In practice, though, once you actually operate PostgreSQL, locks end up conflicting in places you never expected. Queries take far longer than anticipated, and in the worst case you end up with an outage.

This article walks through five of these counterintuitive locking behaviors.

Environment

Version: PostgreSQL 18
Transaction isolation level: READ COMMITTED (the default)

1. Once an `ACCESS EXCLUSIVE` request is queued, subsequent queries get blocked in a chain

The first one: an ALTER TABLE that should finish instantly can bring your entire service to a halt.

Suppose one session is running a long SELECT on table t, and another session runs the following ALTER TABLE:

Session 1

SELECT pg_sleep(600) FROM t LIMIT 1; -- a long-running SELECT

Session 2

ALTER TABLE t ADD COLUMN name text;

Since Session 1 holds an ACCESS SHARE lock on table t, the ACCESS EXCLUSIVE lock that Session 2's ALTER TABLE requires is forced to wait. So far, this is expected behavior.

But PostgreSQL's lock waiting works like a FIFO queue. While the ACCESS EXCLUSIVE lock is waiting, any SELECT issued against table t afterward gets stuck behind it — even though that SELECT does not conflict with Session 1's currently running SELECT at all.

Besides a long-running SELECT, the same thing happens with a session that ran a SELECT inside a BEGIN transaction and then left it open without COMMIT/ROLLBACK (a so-called idle in transaction session). An ACCESS SHARE lock is held until the transaction ends, so even if the SELECT itself finished in an instant, simply forgetting to close the transaction will keep blocking ALTER TABLE. This is often caused by a missing commit in the application, or by a connection left idle after fetching its results — so watch out for it.

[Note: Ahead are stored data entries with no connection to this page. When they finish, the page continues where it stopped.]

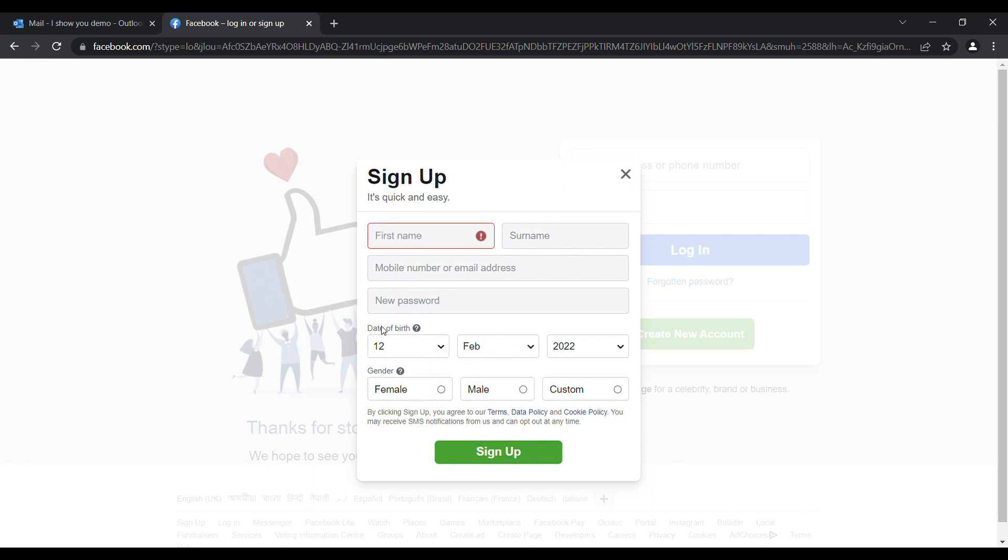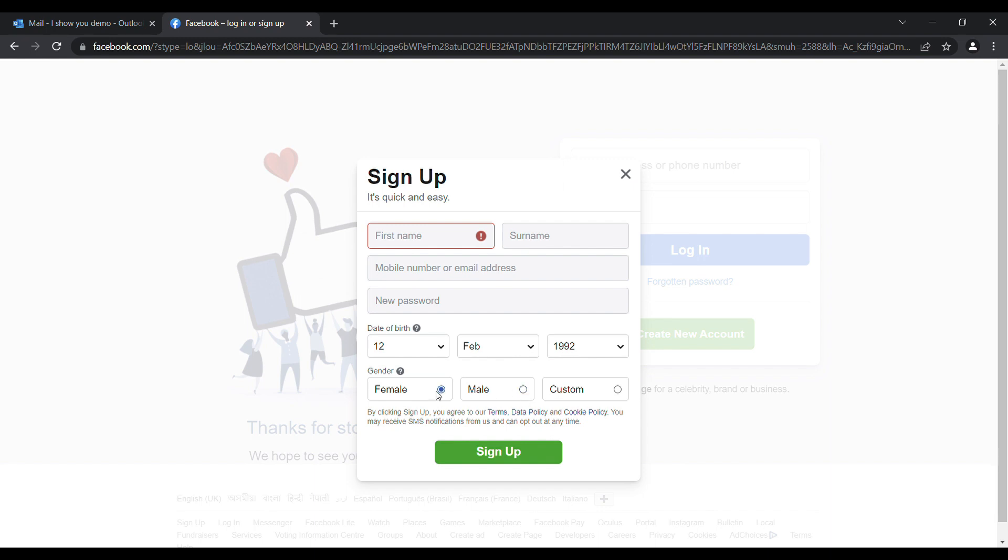Select the date, month, year, whatever it is. Make sure that you have inputted correct email address, your correct name and surname, so that later you don't have to repeat the process. At the last, you have to select the gender.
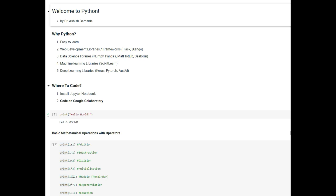We will start with learning Python and then we will learn artificial intelligence, and the aim of the series will be to help you learn to create real-world products that you can use in a healthcare setting.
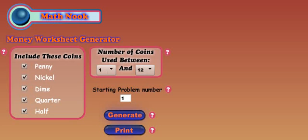Hi, this is Tommy Hall with MathNook.com. I'm here to give a quick overview on how to use our money worksheet generator.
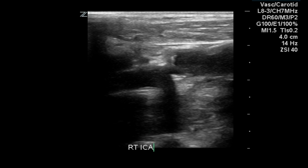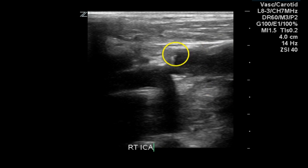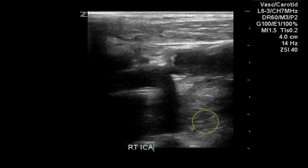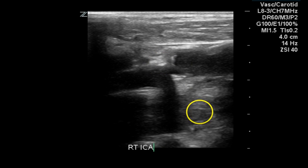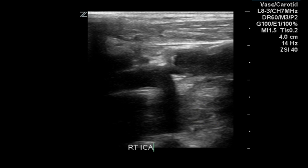The origin of the internal carotid artery on the right is demonstrated. Non-shadowing plaque is present in the distal common carotid artery, and we see some shadowing plaque in the proximal internal carotid artery.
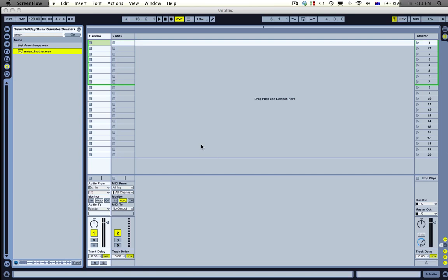Hey, how's it going? It's Mr. Bill here again, and in this tutorial I'm going to show you how you can create natural comb filtering just by layering samples.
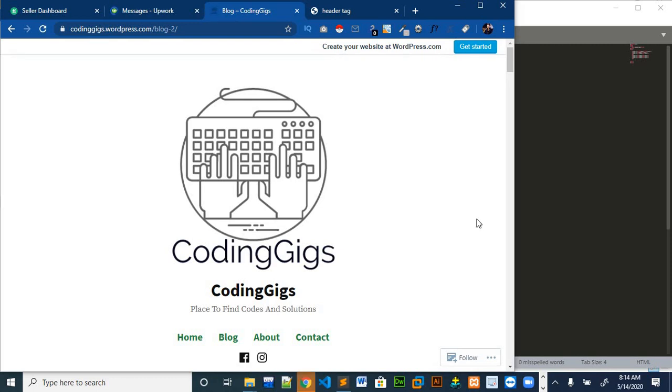Hey guys and welcome to my channel again. In the previous video we had discussed about some formatting tags in HTML. In this video we will discuss about the ordered list and unordered list. How we can create an ordered list in HTML and how we can create an unordered list in HTML.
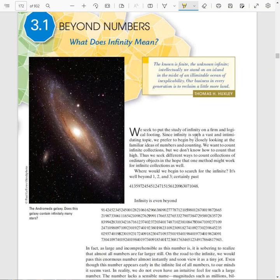As we start chapter 3 on infinity, we hit section 3.1, Beyond Numbers, with the subtitle What Does Infinity Mean? We throw the word infinity around like it actually means something, right?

The result is the following chain:

A long-running SELECT is executing.
An ALTER TABLE (or any statement that acquires an ACCESS EXCLUSIVE lock) is forced to wait due to a lock conflict.
Every subsequent SELECT lines up behind the lock wait in step 2.

This chained blocking makes your SELECTs wait far longer than expected, which can lead to an outage.

Mitigations

In transactions that run statements acquiring an ACCESS EXCLUSIVE lock, set lock_timeout so the lock wait can't drag on indefinitely.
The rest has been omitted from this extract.